The life Fitzgerald never wrote
In Fonseca, Jessica Francis Kane reimagines a curious episode in the life of celebrated English novelist Penelope Fitzgerald. The year is 1952. Fitzgerald is pregnant, her husband is a struggling alcoholic and their literary journal is on the brink. When a letter arrives from two elderly Mexican relatives promising a possible inheritance linked to a silver mine, she sees a chance for salvation, both financial and creative.
With her young son Valpy in tow, Fitzgerald travels from London to New York and then by bus deep into northern Mexico, to a town called Fonseca. What she finds is far from straightforward. The household she enters is crowded with the competing agendas of eccentric relatives, opportunistic Americans, artists such as Edward Hopper and his wife, and even a stranger claiming to be a long-lost heir.
Over the course of three surreal months, from Day of the Dead to Candlemas, Fitzgerald must hold her ground, care for her son, and make her way in a world that is by turns absurd, hostile and strangely inspiring. Kane blends fiction with biography, inserting undated letters from Fitzgerald’s real children and imagining the emotional and psychological texture of a woman at a pivotal crossroads.
Much more than historical fiction, Fonseca is a thrilling portrait of maternal resilience, creative drive, and the fine line between myth and memory. It’s a novel of dry wit and luminous detail — just the kind Fitzgerald herself might have written, had she told this story.
A fierce descent into ambition and academic Hell
RF Kuang’s Katabasis is a dark academia fantasy that sends two rival graduate students on a mission to Hell. Alice Law has sacrificed everything to rise through the ranks of Cambridge’s department of analytic magick. But when her supervisor, the powerful and feared Prof Grimes, dies in a magical accident — possibly her fault — she decides to go after him. His recommendation could still shape her future, even from beyond the grave.

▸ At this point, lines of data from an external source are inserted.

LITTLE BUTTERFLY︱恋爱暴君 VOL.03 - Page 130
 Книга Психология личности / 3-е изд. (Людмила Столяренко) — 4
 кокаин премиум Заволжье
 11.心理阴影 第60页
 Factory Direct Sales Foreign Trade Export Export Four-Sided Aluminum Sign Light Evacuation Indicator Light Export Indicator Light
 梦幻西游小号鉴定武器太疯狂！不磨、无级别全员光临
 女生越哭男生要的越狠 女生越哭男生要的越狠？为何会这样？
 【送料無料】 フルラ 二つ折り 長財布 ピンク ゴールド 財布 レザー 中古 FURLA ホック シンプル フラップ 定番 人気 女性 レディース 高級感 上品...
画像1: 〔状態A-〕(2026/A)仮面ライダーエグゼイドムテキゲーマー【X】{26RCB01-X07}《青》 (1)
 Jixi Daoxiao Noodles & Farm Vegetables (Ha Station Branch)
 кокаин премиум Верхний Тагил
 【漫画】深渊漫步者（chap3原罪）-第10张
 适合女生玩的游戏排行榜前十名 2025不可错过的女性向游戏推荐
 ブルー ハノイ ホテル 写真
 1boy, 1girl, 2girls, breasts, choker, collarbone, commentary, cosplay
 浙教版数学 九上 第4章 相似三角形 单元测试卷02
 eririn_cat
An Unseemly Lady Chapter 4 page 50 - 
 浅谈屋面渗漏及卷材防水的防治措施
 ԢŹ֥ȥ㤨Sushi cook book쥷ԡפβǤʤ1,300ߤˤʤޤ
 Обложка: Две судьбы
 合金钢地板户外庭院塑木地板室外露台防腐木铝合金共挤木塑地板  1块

Peter Murdoch, Alice’s academic nemesis and ex, also wants to bring Grimes back. Together, they descend into a version of Hell that looks a lot like a dysfunctional university, full of smug undergrads, endless lectures, pretentiousness and bureaucratic mazes. Each of the Eight Courts they pass through challenges them with questions about morality, memory, ambition and truth.
Kuang draws from classical mythology, Eastern and Western religious traditions and modern university culture to build a world that feels fantastical and uncomfortably familiar. The novel critiques the culture of academia — its competitiveness, pretence, and emotional toll — while also exploring the messy relationships between its flawed characters.
Katabasis follows Kuang’s breakout fantasy trilogy The Poppy War, her best-selling historical fantasy Babel, and her sharp satire of the publishing world Yellowface. This latest novel is slower, more philosophical, and arguably her most ambitious. It’s packed with sharp dialogue, complex ideas, and emotional tension. Readers who enjoy books that ask difficult questions will find plenty to think about.